Rabbi Shlomo Litvin, of the Chabad of the Bluegrass, said the sign means even more now than it did before.
"In previous years, the sign was just what you pass on your way into the building," he said. "But in the last eight months, we haven't had a program in the building. On my phone, I have probably 1000 texts saying, 'Hey, Rabbi, I'm outside by the sign.' Just 'I'm outside, I'm waiting. I'm waiting to celebrate my Judaism at UK.'"
Litvin called the vandalism "an apparent hate crime," adding that this is not the first time UK's Jewish community has had similar experiences.
"It's enlightening to see that no matter how many times this happens, the answer is the same both from the students, the resilience from the Jewish students to say 'we will be light we will continue we will build' and from the community who stand by us time and time again," he said.
Gov. Andy Beshear reached out to show his support on Monday via tweet:
Every Kentuckian deserves to feel safe and uplifted at their house of worship and anywhere they practice their faith. Destroying the sign at Chabad of the Bluegrass was an unacceptable act of intolerance, and made it harder for this community to serve members in need.— Governor Andy Beshear (@GovAndyBeshear) November 24, 2020
UK Jewish Student Center Secretary Levi Wolff said it was a shock to hear of the vandalism, but was encouraged by the outpouring of support from the Lexington and UK community.

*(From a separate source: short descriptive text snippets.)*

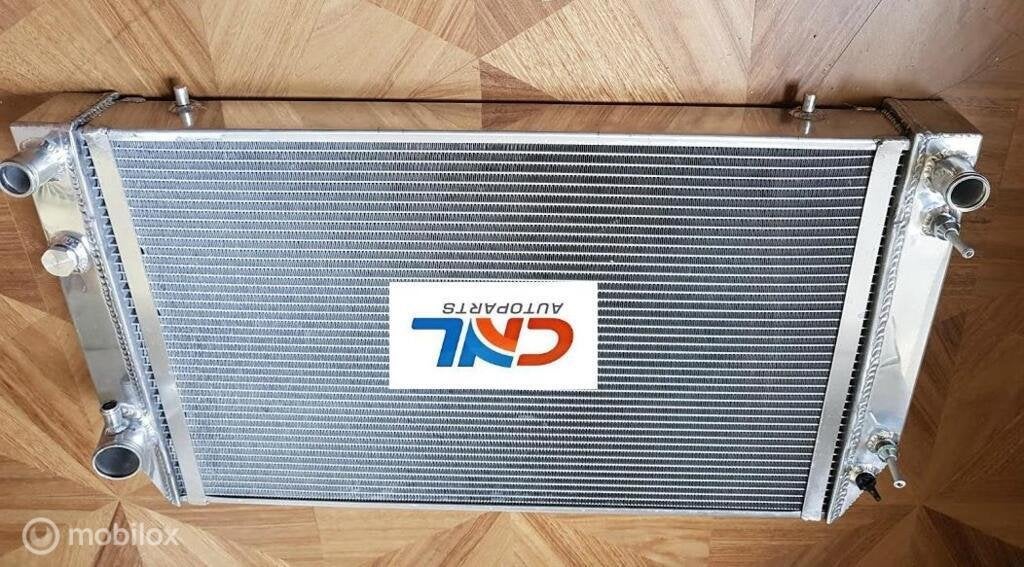 Radiateur JAGUAR XJS XJ12 V12 5.3 6.0 1976-1996, Nieuw, Ophalen of Verzenden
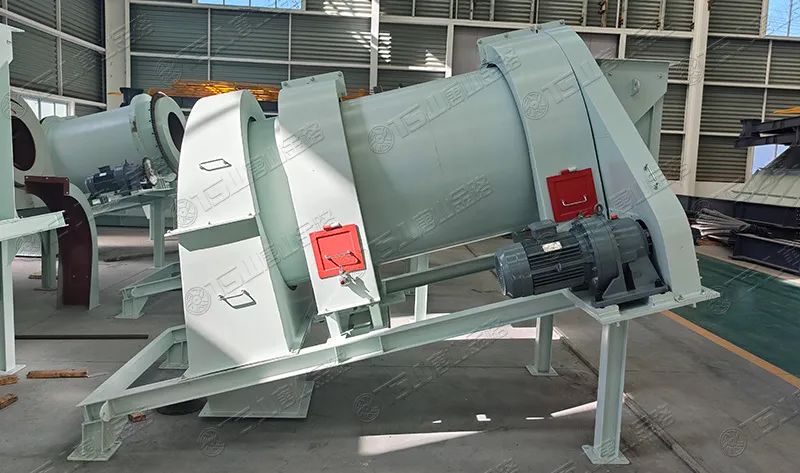 機(jī)制砂離析時(shí)常發(fā)生影響品質(zhì)，如何避免？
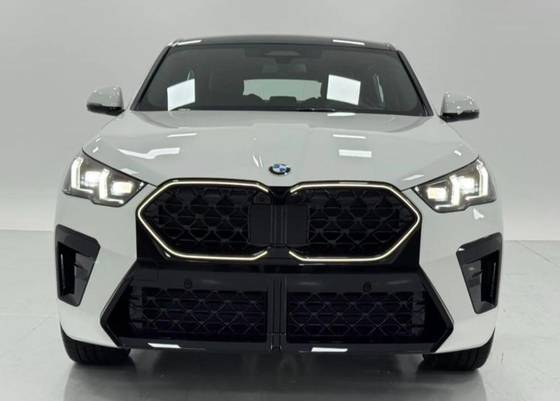 BMW X2 2.0 TURBO GASOLINA XDRIVE20I M SPORT STEPTRONIC BMW X2 2.0 TURBO GASOLINA XDRIVE20I M SPORT STEPTRONIC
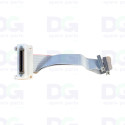 3110087 - Head plug compl. With flat cables for head carrier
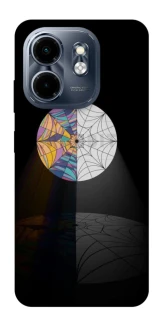 Чохол на Infinix Smart 9 4G / Hot 50i Wednesday room фото 1 з 1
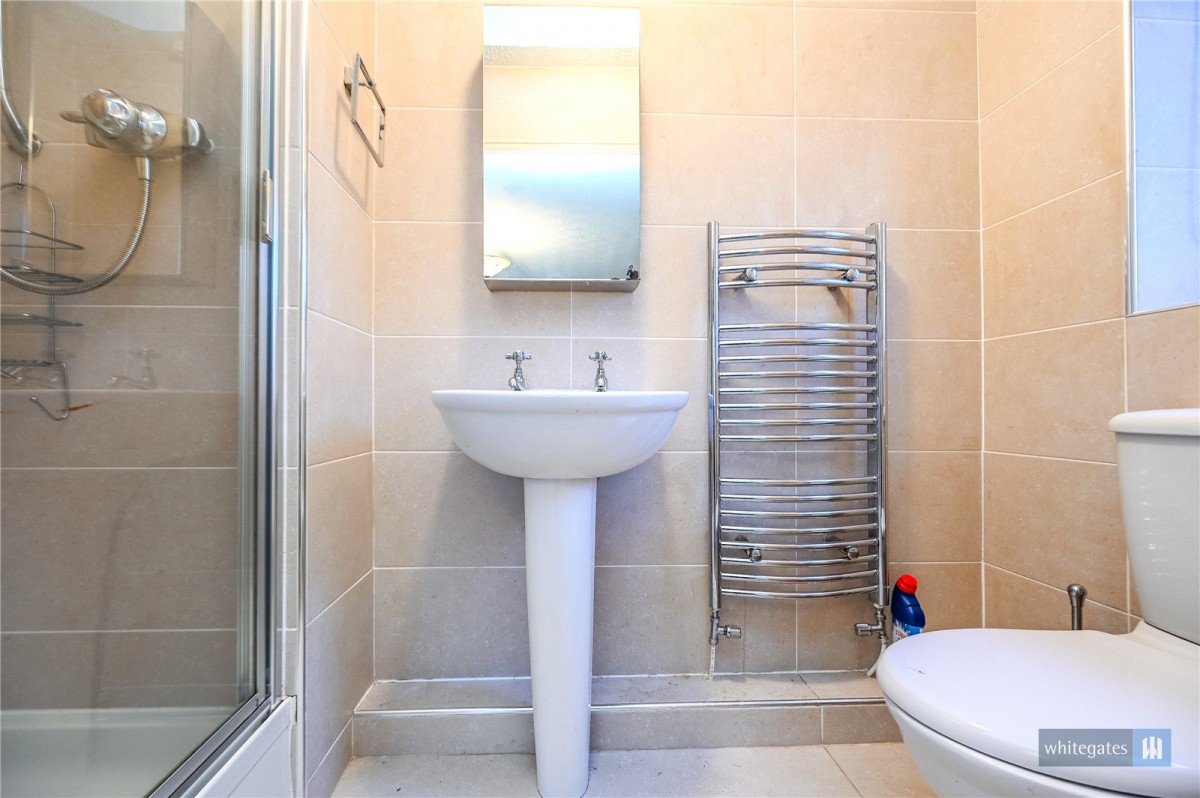 Whiston, Prescot, Merseyside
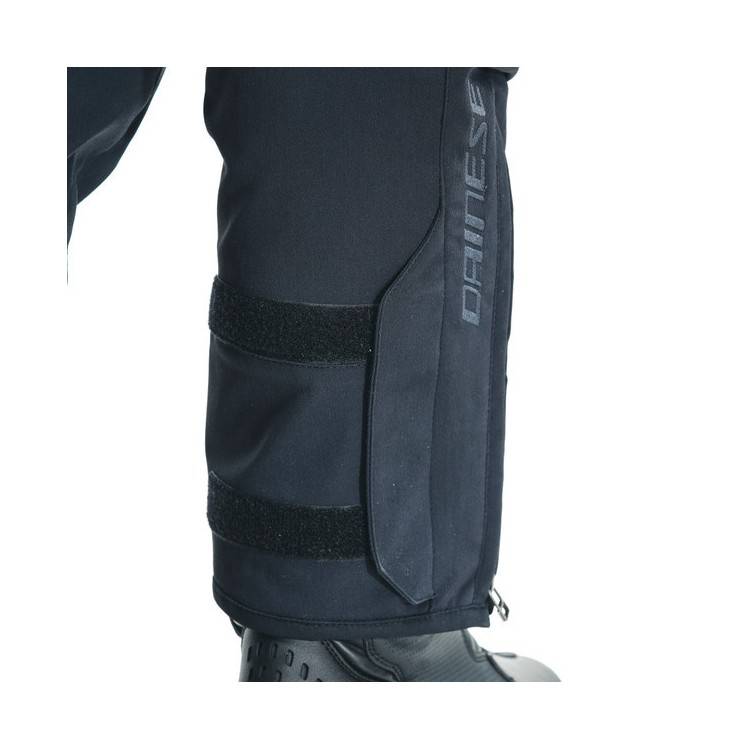 PANTALONI CARVE MASTER 3 LADY GORE-TEX  BLACK EBONY | DAINESE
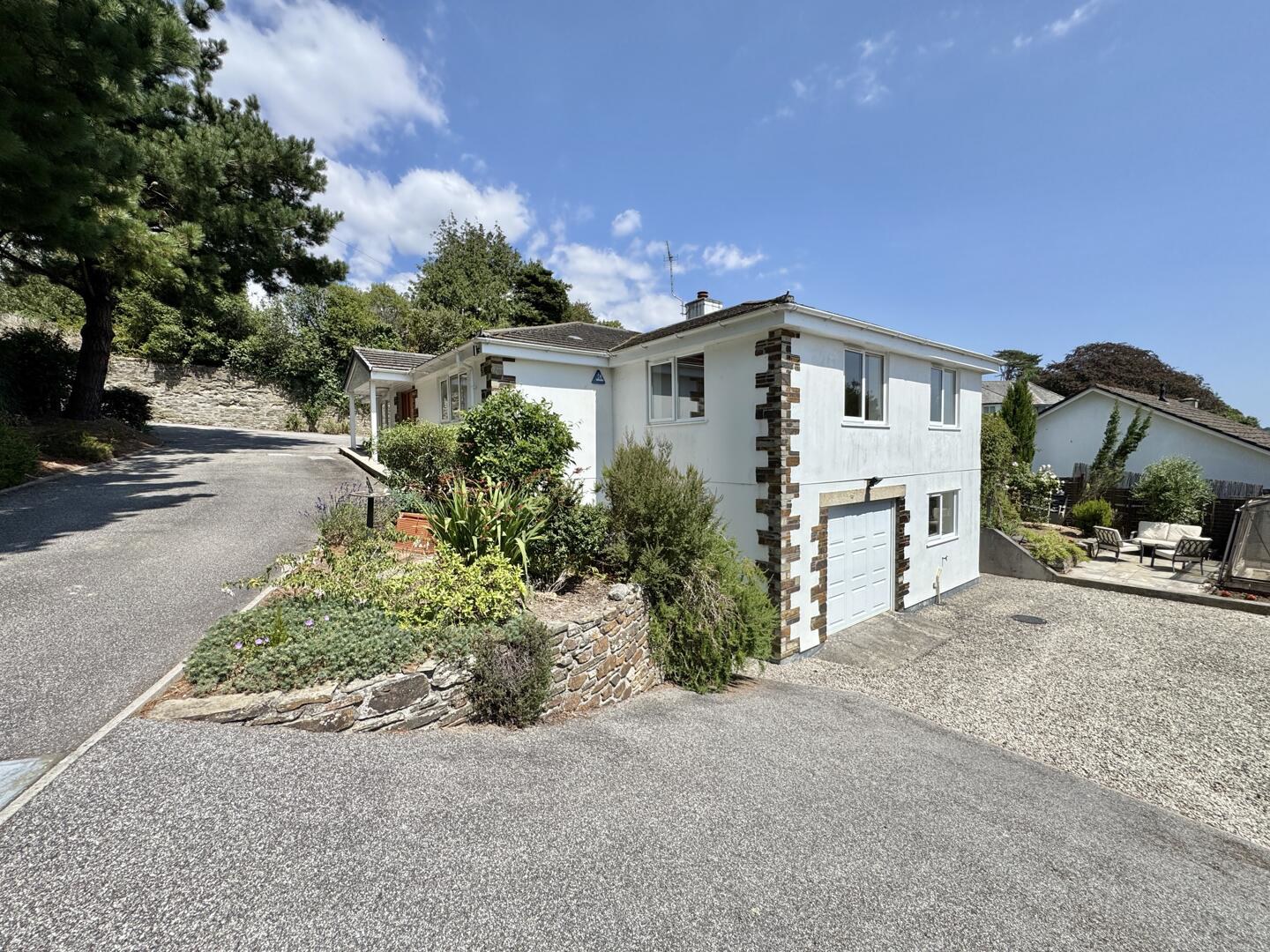 Comprigney Hill, Truro, photo 26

"I've been super grateful,of all the student groups and organizations who have come out in support, either reaching out to us directly or publicly showing signs of support, and it means a lot to us," he said. "And I encourage everyone to continue doing so and speaking out against hatred where they see it, and all forms."
Wolff added that he believes that opening up a dialogue with members of the community could keep something like this from happening again.
"Sit down and talk," he said. "I mean, I myself, everyone on the student board, every single one of my Jewish friends on campus and in this community. I feel like that's what all of us want is just to have a conversation and just to talk to these people who don't quite understand."